Chin up, Scott. It could be worse.


Bill from JC said...

You keep calling Tennessee players retards. I don't think that means what you think it does.

I thought the one spot where Tennessee really shown last night was in making Georgia work so damn hard in terms of controlling ball position. When Georgia didn't run the ball back their average starting position seemed to be on about the 5 yard line. Georgia produced so many yards vs Tennessee's because they had to. So while Georgia actually ran 2 balls back, Tennessee otherwise won the special teams battle. I am sure Coach Fulmer would love to have those touchdowns back, but he would rather have the fantastic starting positions that the Vol's enjoyed all night.

Both defenses gave up far too much, although Tennessee finally got the hang of it. I think sticking with JTIII was the right call, he needed the support of his coaching staff coming off an injury, and he is the best choice to go against Florida with.

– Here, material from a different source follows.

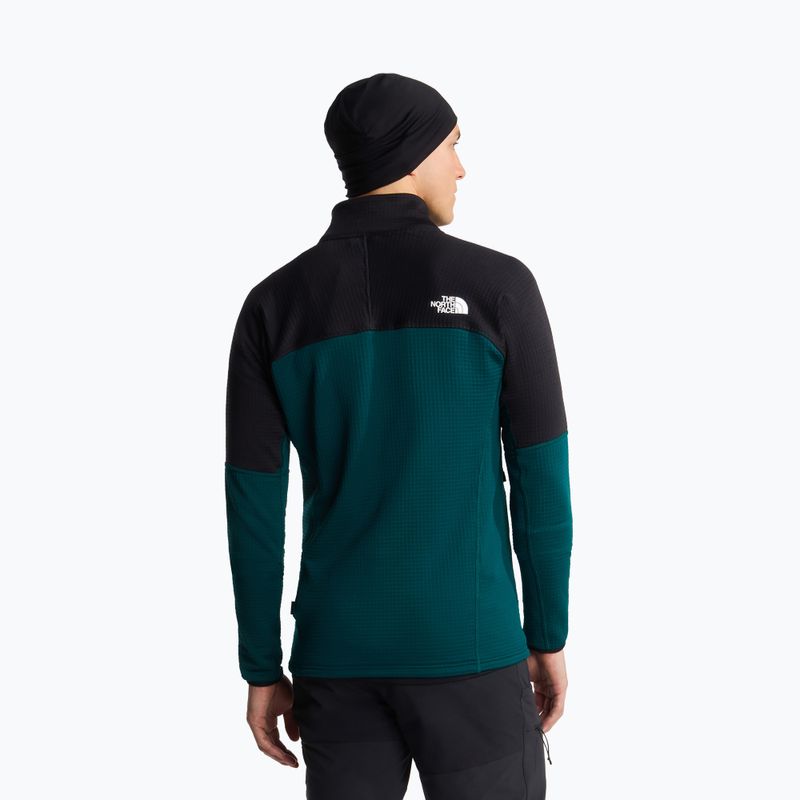 Pánská trekingová mikina The North Face Polartec Powergrid Stormgap pacific teal/tnf black 3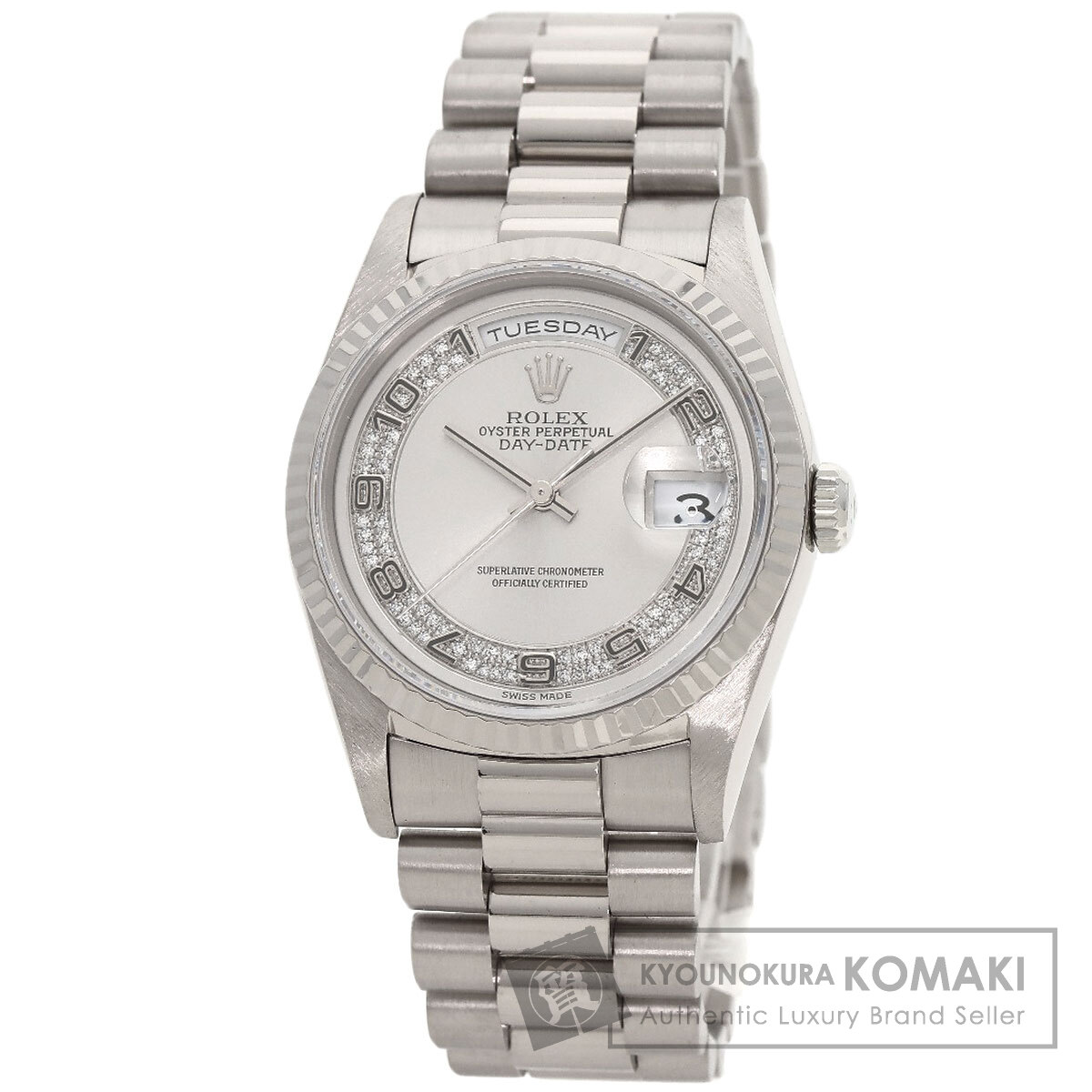 ROLEX ロレックス 18239MA デイデイト ミリヤード ダイヤモンド 腕時計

With all that in mind, I am now in the awkward position of pulling for Georgia. Yall really need to take down Florida for the Vols to play in Atlanta.

Anonymous said...

I have read some of the comments and I have to agree with a couple of comments along the lines that it appears obvious now that after conseuctive top 5 recruiting classes, the coaching talent is underconfigured to teaching, managing and motivating UGA's motherlode of talent. I also read that, after last year's Sugar Bowl disaster, Richt said he was still learning how to be a head coach. Soon afterward UGA gave him a big raise. Sounds like the coaching staff is resting on its laurels and laughing all the way to the bank.

Hunker Down said...


Thanks for the sane analysis amid a cavalcade of Dawgnation insanity.

Anonymous said...

I disagree about the 2nd turning point. Thanks to Thomas Brown's Friday Night Lights style kickoff return, the blocked punt didn't hurt us. In fact we could have (and probably still did slightly) gained field position out of the whole mess, considering Ely-Kelso was punting out out of our own endzone, had Tennessee not returned the ensuing kickoff to their 45 yard line. The subsequent UT score and Joe T fumble was the straw that broke the camel's back.

With regards to the fumble, Stafford has shown an uncanny ability this year to scramble out of trouble in the pocket so I think he would have had a better chance to not fumble in that situation than Joe T. This loss was not Joe T's fault; I think ones in the future will be if he continues to start.